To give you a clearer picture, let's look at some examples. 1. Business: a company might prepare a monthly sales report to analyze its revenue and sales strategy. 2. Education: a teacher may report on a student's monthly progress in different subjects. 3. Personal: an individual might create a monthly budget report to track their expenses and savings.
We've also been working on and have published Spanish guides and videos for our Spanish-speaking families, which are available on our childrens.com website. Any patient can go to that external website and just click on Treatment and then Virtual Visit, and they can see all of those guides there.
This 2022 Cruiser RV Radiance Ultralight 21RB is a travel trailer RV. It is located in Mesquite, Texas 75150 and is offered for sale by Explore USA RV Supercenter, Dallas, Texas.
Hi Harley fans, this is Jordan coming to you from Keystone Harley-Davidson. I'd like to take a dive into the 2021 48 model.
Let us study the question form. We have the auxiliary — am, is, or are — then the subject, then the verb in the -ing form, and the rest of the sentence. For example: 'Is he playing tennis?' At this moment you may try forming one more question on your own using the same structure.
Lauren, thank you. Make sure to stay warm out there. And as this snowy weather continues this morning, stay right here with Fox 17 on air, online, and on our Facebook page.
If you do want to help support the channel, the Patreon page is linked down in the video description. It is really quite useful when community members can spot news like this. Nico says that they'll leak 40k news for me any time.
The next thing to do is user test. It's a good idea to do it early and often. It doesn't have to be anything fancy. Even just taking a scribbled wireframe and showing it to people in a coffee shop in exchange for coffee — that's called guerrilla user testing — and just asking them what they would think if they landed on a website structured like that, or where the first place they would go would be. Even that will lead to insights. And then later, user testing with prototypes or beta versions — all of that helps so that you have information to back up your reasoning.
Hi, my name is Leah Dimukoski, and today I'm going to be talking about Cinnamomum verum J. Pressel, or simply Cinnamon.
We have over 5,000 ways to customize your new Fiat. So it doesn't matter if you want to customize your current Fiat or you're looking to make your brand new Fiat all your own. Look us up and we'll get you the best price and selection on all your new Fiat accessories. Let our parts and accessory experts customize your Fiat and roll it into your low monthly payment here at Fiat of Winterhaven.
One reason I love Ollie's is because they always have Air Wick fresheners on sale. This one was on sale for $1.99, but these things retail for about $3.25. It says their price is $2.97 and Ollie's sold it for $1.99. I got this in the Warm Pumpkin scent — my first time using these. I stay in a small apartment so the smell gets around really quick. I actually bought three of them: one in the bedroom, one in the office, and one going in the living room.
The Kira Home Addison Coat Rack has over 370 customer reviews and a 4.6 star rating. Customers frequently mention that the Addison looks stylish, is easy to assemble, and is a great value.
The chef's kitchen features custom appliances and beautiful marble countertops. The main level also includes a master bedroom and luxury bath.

* [Problem statement]
The records need to be copied exactly, with no line left out.

* [The completed task]
To give you a clearer picture, let's look at some examples. 1. Business: a company might prepare a monthly sales report to analyze its revenue and sales strategy. 2. Education: a teacher may report on a student's monthly progress in different subjects. 3. Personal: an individual might create a monthly budget report to track their expenses and savings.
We've also been working on and have published Spanish guides and videos for our Spanish-speaking families, which are available on our childrens.com website. Any patient can go to that external website and just click on Treatment and then Virtual Visit, and they can see all of those guides there.
This 2022 Cruiser RV Radiance Ultralight 21RB is a travel trailer RV. It is located in Mesquite, Texas 75150 and is offered for sale by Explore USA RV Supercenter, Dallas, Texas.
Hi Harley fans, this is Jordan coming to you from Keystone Harley-Davidson. I'd like to take a dive into the 2021 48 model.
Let us study the question form. We have the auxiliary — am, is, or are — then the subject, then the verb in the -ing form, and the rest of the sentence. For example: 'Is he playing tennis?' At this moment you may try forming one more question on your own using the same structure.
Lauren, thank you. Make sure to stay warm out there. And as this snowy weather continues this morning, stay right here with Fox 17 on air, online, and on our Facebook page.
If you do want to help support the channel, the Patreon page is linked down in the video description. It is really quite useful when community members can spot news like this. Nico says that they'll leak 40k news for me any time.
The next thing to do is user test. It's a good idea to do it early and often. It doesn't have to be anything fancy. Even just taking a scribbled wireframe and showing it to people in a coffee shop in exchange for coffee — that's called guerrilla user testing — and just asking them what they would think if they landed on a website structured like that, or where the first place they would go would be. Even that will lead to insights. And then later, user testing with prototypes or beta versions — all of that helps so that you have information to back up your reasoning.
Hi, my name is Leah Dimukoski, and today I'm going to be talking about Cinnamomum verum J. Pressel, or simply Cinnamon.
We have over 5,000 ways to customize your new Fiat. So it doesn't matter if you want to customize your current Fiat or you're looking to make your brand new Fiat all your own. Look us up and we'll get you the best price and selection on all your new Fiat accessories. Let our parts and accessory experts customize your Fiat and roll it into your low monthly payment here at Fiat of Winterhaven.
One reason I love Ollie's is because they always have Air Wick fresheners on sale. This one was on sale for $1.99, but these things retail for about $3.25. It says their price is $2.97 and Ollie's sold it for $1.99. I got this in the Warm Pumpkin scent — my first time using these. I stay in a small apartment so the smell gets around really quick. I actually bought three of them: one in the bedroom, one in the office, and one going in the living room.
The Kira Home Addison Coat Rack has over 370 customer reviews and a 4.6 star rating. Customers frequently mention that the Addison looks stylish, is easy to assemble, and is a great value.
The chef's kitchen features custom appliances and beautiful marble countertops. The main level also includes a master bedroom and luxury bath.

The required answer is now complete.